Starting with the line where "Best Stump Grinding" appears, print every line through the end of the entries below exactly as it stands, and leave out the pictures.

[Dataset excerpts]
::::::::::

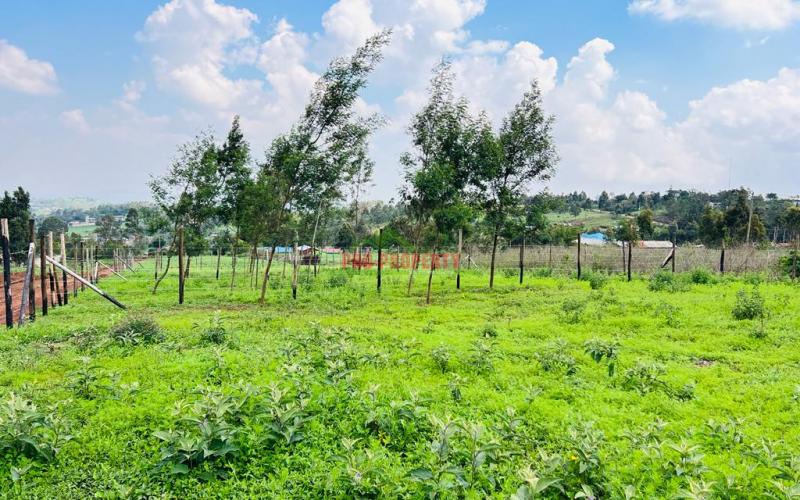 Prime Residential Plots For Sale In Kikuyu, Kamangu.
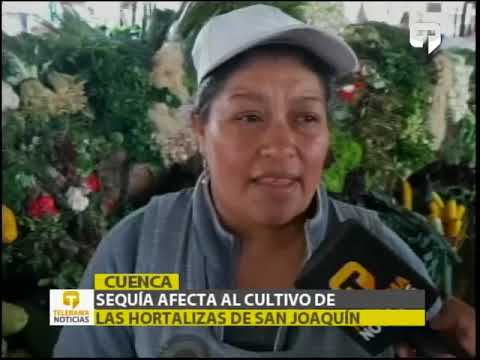 Sequía afecta al cultivo de las hortalizas de San Joaquín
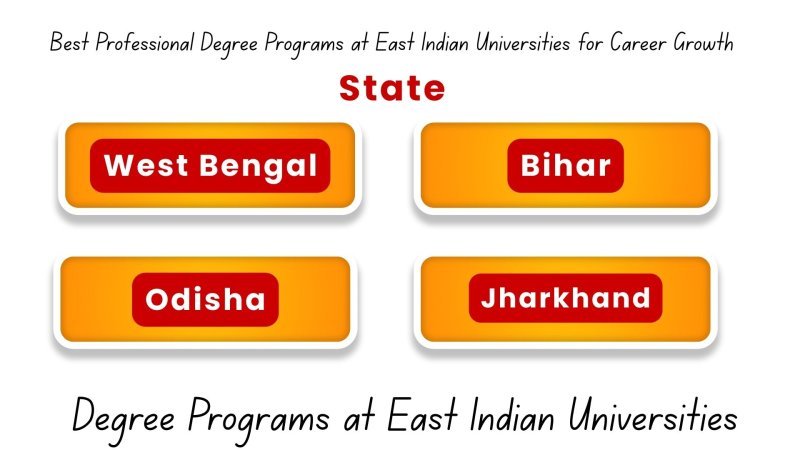 Educational Guide: Strategic ROI of Professional Degrees in East India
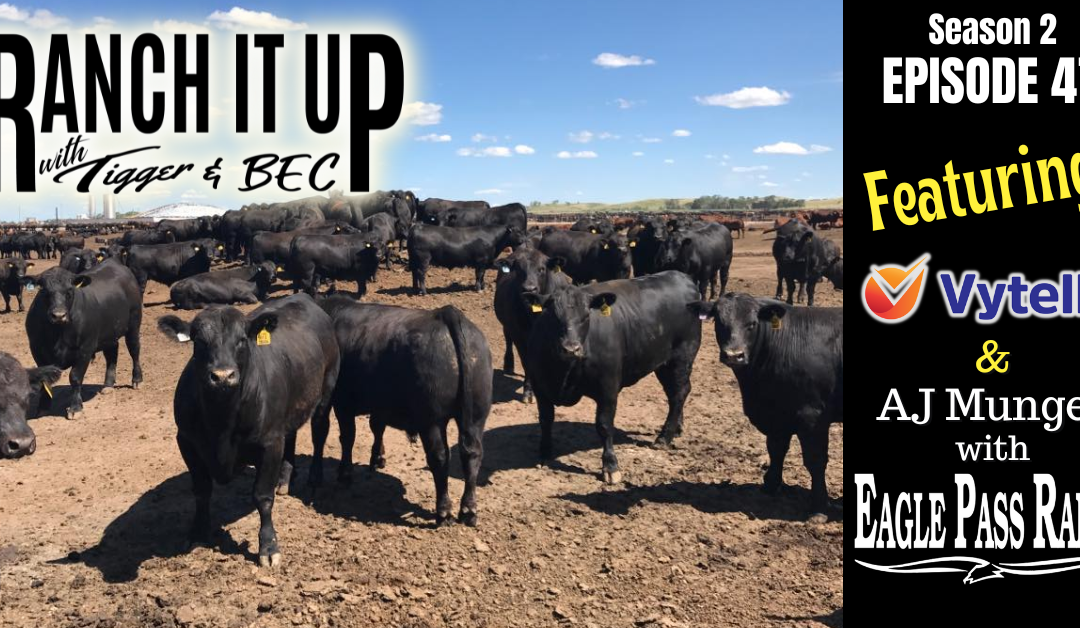Stop #1 Along The Making Cattle Profitable Tour!!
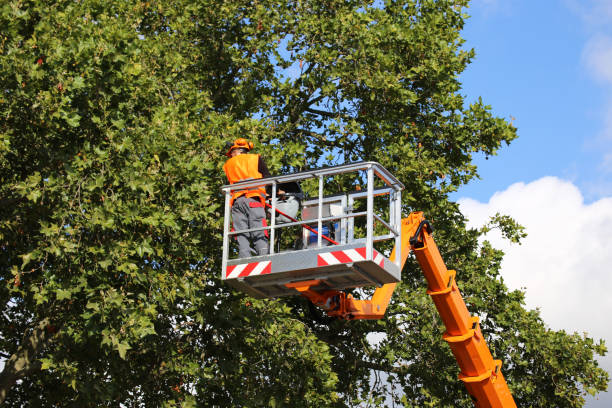 Best Stump Grinding and Removal  in Hart, MI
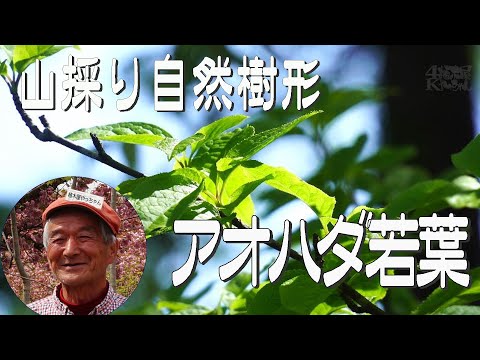 山採り自然樹形アオハダ 若葉 2024 秋元園芸 - YouTube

::::::::::

**Reply to the task:**
 Best Stump Grinding and Removal  in Hart, MI
 山採り自然樹形アオハダ 若葉 2024 秋元園芸 - YouTube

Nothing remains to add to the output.